You may cite the reports from your doctors and therapists, but the insurer’s denial may focus on function and reliability in the workplace, not on diagnosis alone.
You also have a strict limitation period to file a lawsuit. An internal appeal, reviewed by the same company that denied your benefits, can use up valuable time while that legal deadline continues to run.
The Denial Letter Is a Roadmap If You Read It the Right Way
What to Highlight: A Quick Checklist
- The precise denial reasons stated in the letter
- The definition of disability being applied, such as own occupation or any occupation
- Any mention of paper reviews, insurer doctors, IMEs, assessments, vocational testing, job matching, or surveillance
- The appeal steps and deadline window
Common Denial Language
- “Insufficient evidence”
- “Not totally disabled”
- “Sedentary work”
- “Expected improvement”
- “Non-compliance”
- “Pre-existing condition limitation”
The Five Things to Do Before You Appeal
1. Calendar All Deadlines and Protect Your Timeline
- Put every deadline in your calendar, including appeal windows, forms, and assessment dates.

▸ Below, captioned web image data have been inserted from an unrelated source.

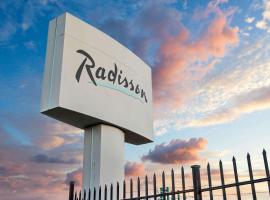 Radisson Hotel Salt Lake City Airport, hotel near Salt Lake City International Airport - SLC, 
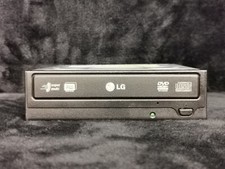 LG Super Multi DVD Rewriter Model GSA-H54N Black Bezel picture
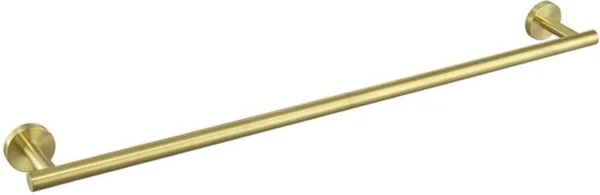 P-87213230927950-20260405182924.webp Unyqoos® Stijlvolle gouden handdoekstang van roestvrij staal voor badkamerwand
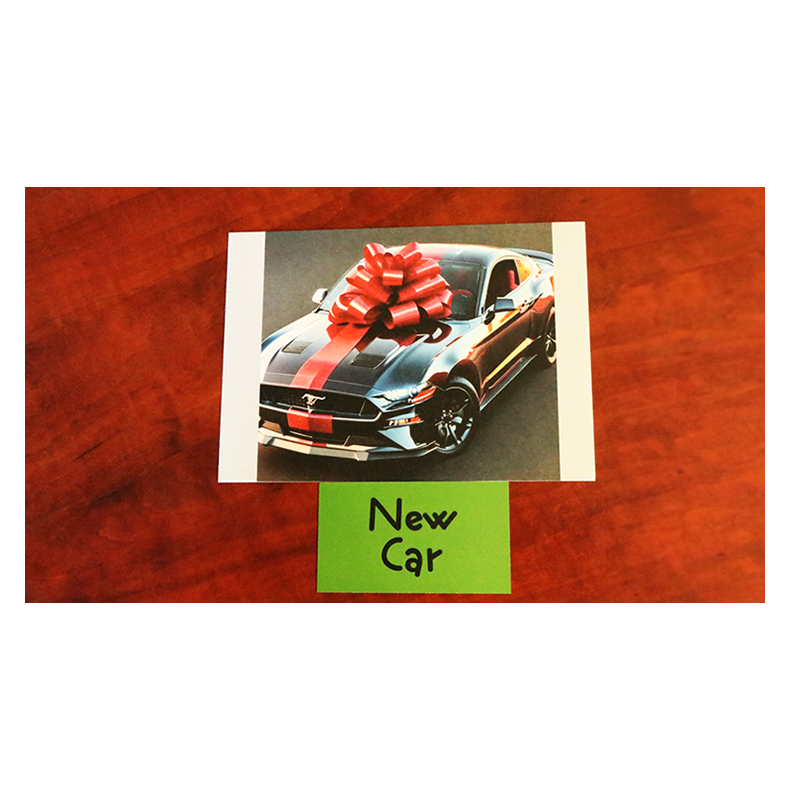 Predicto (Holiday) by Jonathan Sadowski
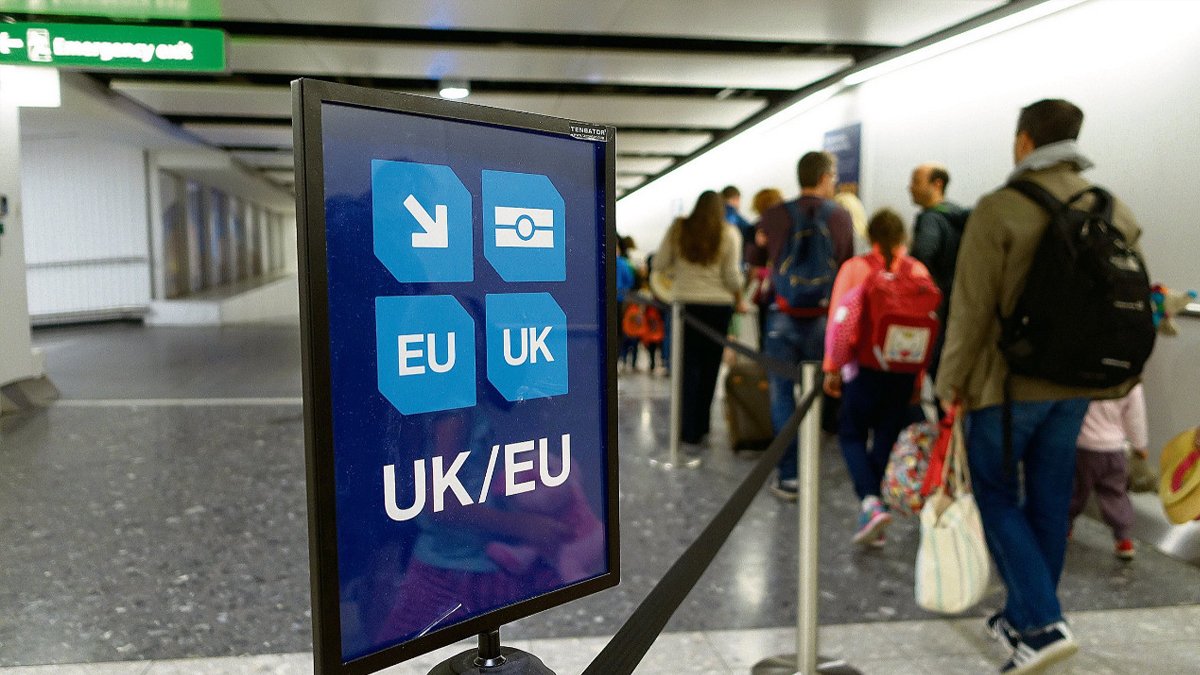 Türkiye ilticada birinci oldu: Almanya'ya göç zirvede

- Create a simple timeline: symptoms, treatment, work impact, claim, and denial.
- Start a claim folder for letters, forms, medical records, notes, and emails.
2. Identify the Real Reason You Were Denied
Most denials fall into three buckets:
- The evidence does not prove disability.
- The insurer says you have capacity for work.
- Policy exclusions or limitations apply.
- Write the denial reasons as bullet points in your own words.
- Note what is missing, such as function detail, consistency, specialist input, or work proof.
3. Request the Documents the Insurer Relied On
You cannot respond well if you do not know what the insurer used against you.
Request the following in writing:
- The policy booklet and disability definition
- Internal medical consultant reports, including paper reviews
- IME reports, if any
- Vocational assessments or transferable skills analyses
- Surveillance summaries, if referenced
- A list of all documents in the claim file
Practical Tip: Keep communication in writing and save PDFs.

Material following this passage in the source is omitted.